Blockchain

GFMA and IIF rescind Basel Bank’s permissionless blockchain treatment – Ledger Insights

The Basel Committee on Banking Supervision (BCBS) last week concluded its December consultation on updated crypto asset rules. Five major industry groups responded by withdrawing the commission’s plan to treat all permissionless blockchain tokens, including tokenized securities, as high-risk cryptocurrencies (Group 2). For assets classified as Group 2, banks must set aside large amounts of capital, often $1 for every $1 of cryptocurrency.

Group 1 assets include tokenized traditional securities and eligible stablecoins.

Corresponding bodies include the Global Financial Markets Association (GFMA), the Futures Industry Association (FIA), the International Finance Institute (IIF), the International Swaps and Derivatives Association (ISDA), and the Financial Services Forum.

permissionless blockchain

“We note BCBS’s conclusion that the use of permissionless blockchains poses a number of unique risks, some of which cannot be adequately mitigated at this time. We respectfully disagree with that conclusion,” the response read. It has been stated.

“In principle, the use of public permissionless blockchains to develop tokenized assets should be allowed to improve efficiency, where risks can be managed.”

Therefore, they argue, banks can manage risk. Smart contracts may include functionality to seize, freeze, or burn tokens. Additionally, the token terms and conditions may give the tokenization agent the right to remove the token from the ledger and issue the token in a traditional manner.

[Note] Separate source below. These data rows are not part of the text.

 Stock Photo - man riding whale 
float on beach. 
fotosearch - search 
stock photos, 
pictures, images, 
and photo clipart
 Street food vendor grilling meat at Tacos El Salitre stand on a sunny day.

They provided an analogy between permissionless blockchain and the internet. On the Internet, the underlying network is permissionless, but applications on top of it are often gated or require permission.

“The exclusion of permissionless public networks could impact the broader development of the liquidity tokenization market, especially due to the potential lack of interoperability between private blockchains,” the association said.

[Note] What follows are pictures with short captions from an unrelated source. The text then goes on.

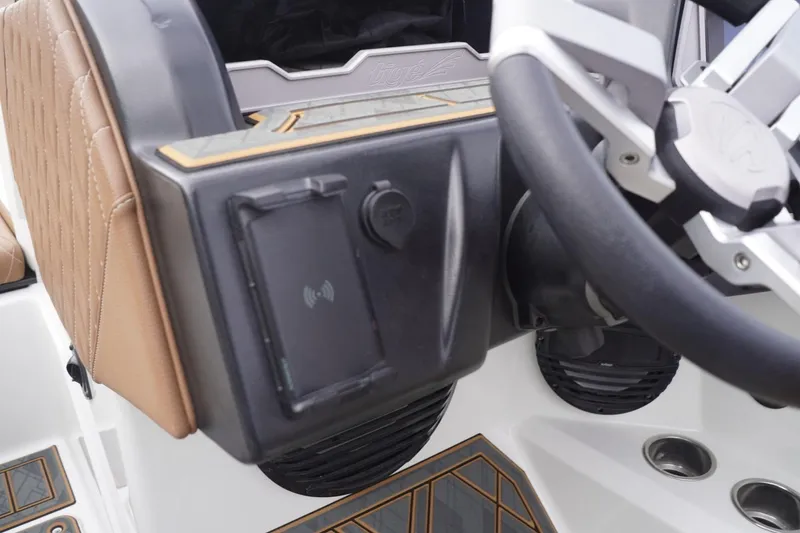 Slide: The Image of 2023 Tigé 24RZX boat dashboard with steering wheel and control panel. - 55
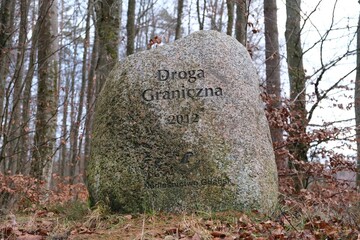 Memorial stone with the inscription "Border Road" and the year 2012 and the logo of the Gdansk Forest District in Tricity Landscape Park, Pomerania, Kashubia, Poland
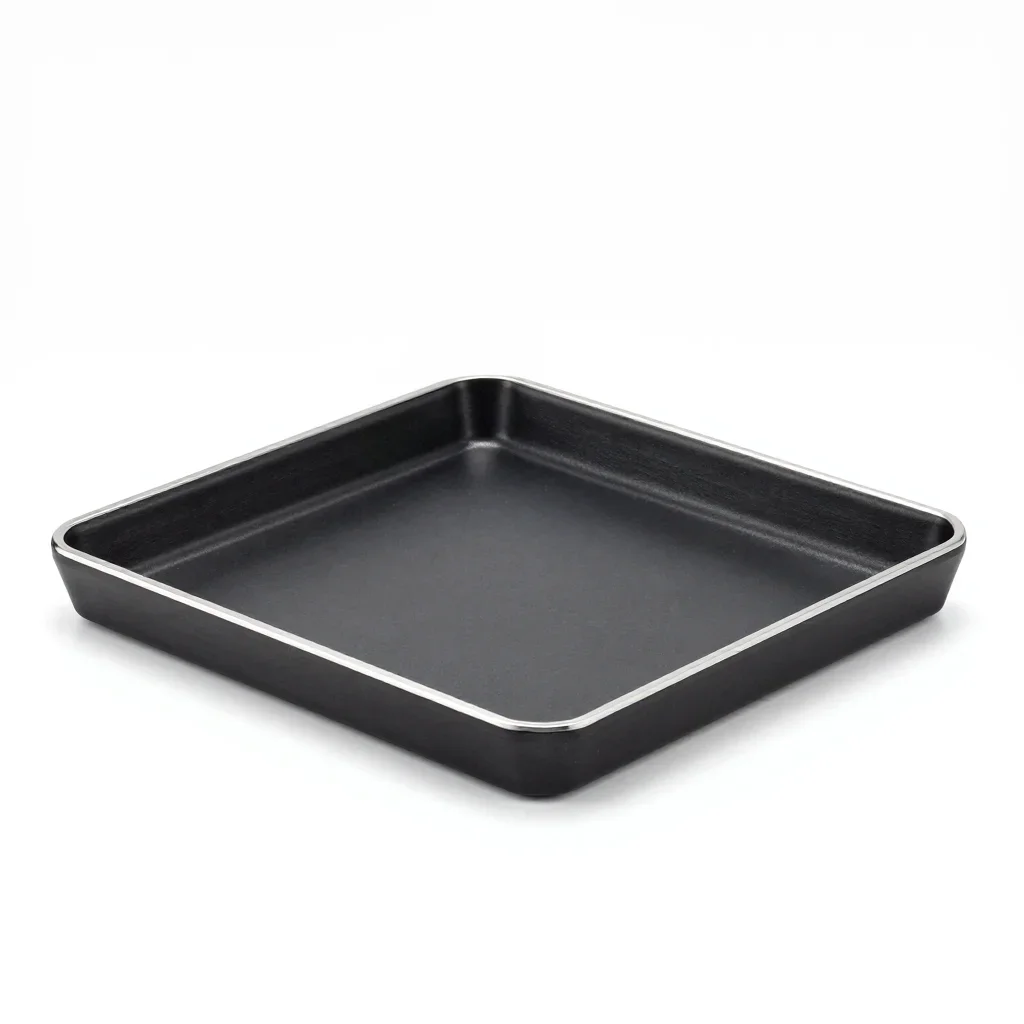 Matte black trivet isolated on a white background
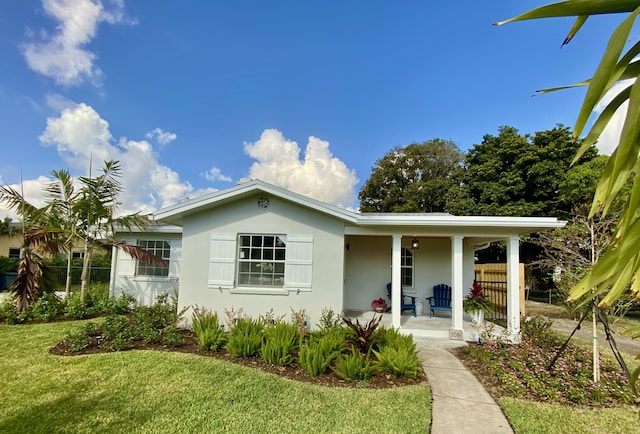 108 NW 4th Ave, Delray Beach, FL 33444 - view of front facade featuring covered porch, a front lawn, and stucco siding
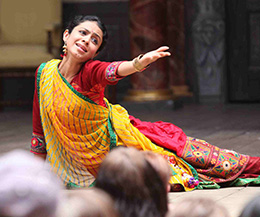 An actress wearing a red and yellow sari on stage performing in the production All's Well That Ends Well in the language Gujarati at Shakespeare's Globe Theatre, London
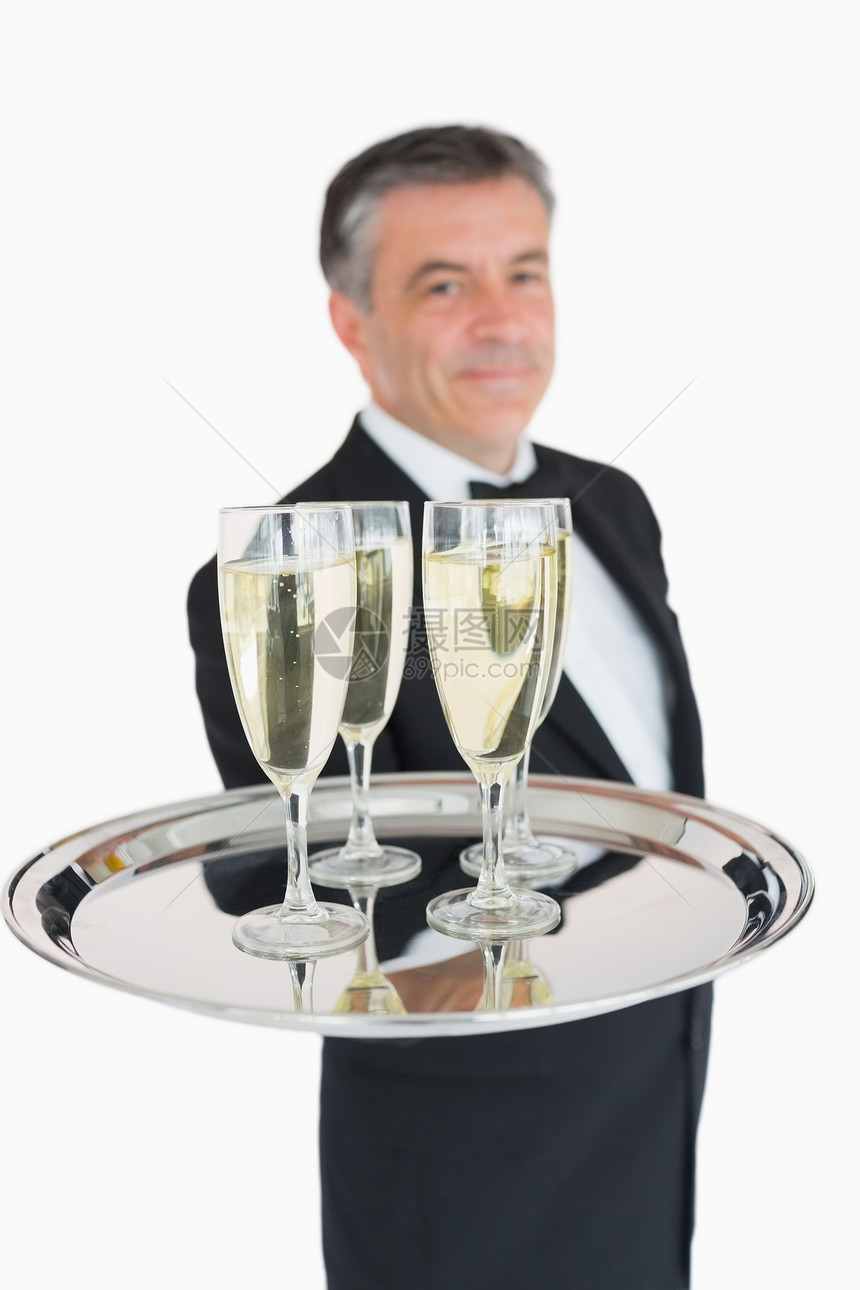 拿着香槟托盘的服务员手套起泡长笛玻璃银盘奢华服务头发衬衫衣冠图片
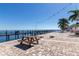 Dock with a picnic table on a brick patio with waterfront access in a beautiful community at 5075 Starfish Se Dr # A, St Petersburg, FL 33705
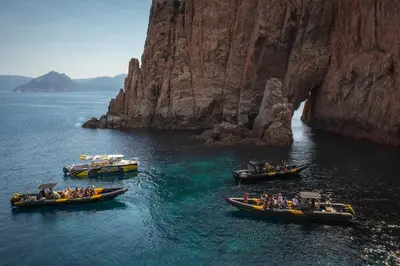 three boats in a body of water next to a mountain at Hôtel Idéal in Porto Ota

They further argued that it was important not to discourage bank participation, as this would encourage non-bank financial institutions and shadow banking activities. This increases systemic risk.

These associations believe that the Basel treatment of permissionless blockchains violates the principles of technology neutrality and “same assets, same risks.”

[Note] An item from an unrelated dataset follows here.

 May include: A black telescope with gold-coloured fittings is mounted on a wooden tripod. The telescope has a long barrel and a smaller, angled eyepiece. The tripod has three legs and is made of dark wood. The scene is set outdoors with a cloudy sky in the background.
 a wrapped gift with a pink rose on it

Infrastructure risk add-on

The Basel Committee’s initial proposals planned for a 2.5% infrastructure risk add-on to be applied to tokenized traditional assets. However, Basel removed this in its final cryptocurrency rules. The proposed changes in December suggested reintroduction, but the level was 0%. Local regulators will have the option of increasing this number.

The industry group wants all references to infrastructure risk add-ons removed.

If that fails, they are proposing to adopt the Hong Kong Monetary Authority (HKMA) proposal as an alternative. The risk add-on is also set to 0%. The association is proposing individualized treatment rather than imposing a uniform rate across the industry. In other words, authorities will only impose add-ons if they identify specific risks in a bank’s internal infrastructure.

Payment finality

A proposal from Basel last December clarified that settlement finality should apply to both the secondary market and asset issuance. However, the association urges that this regulation not be strictly enforced.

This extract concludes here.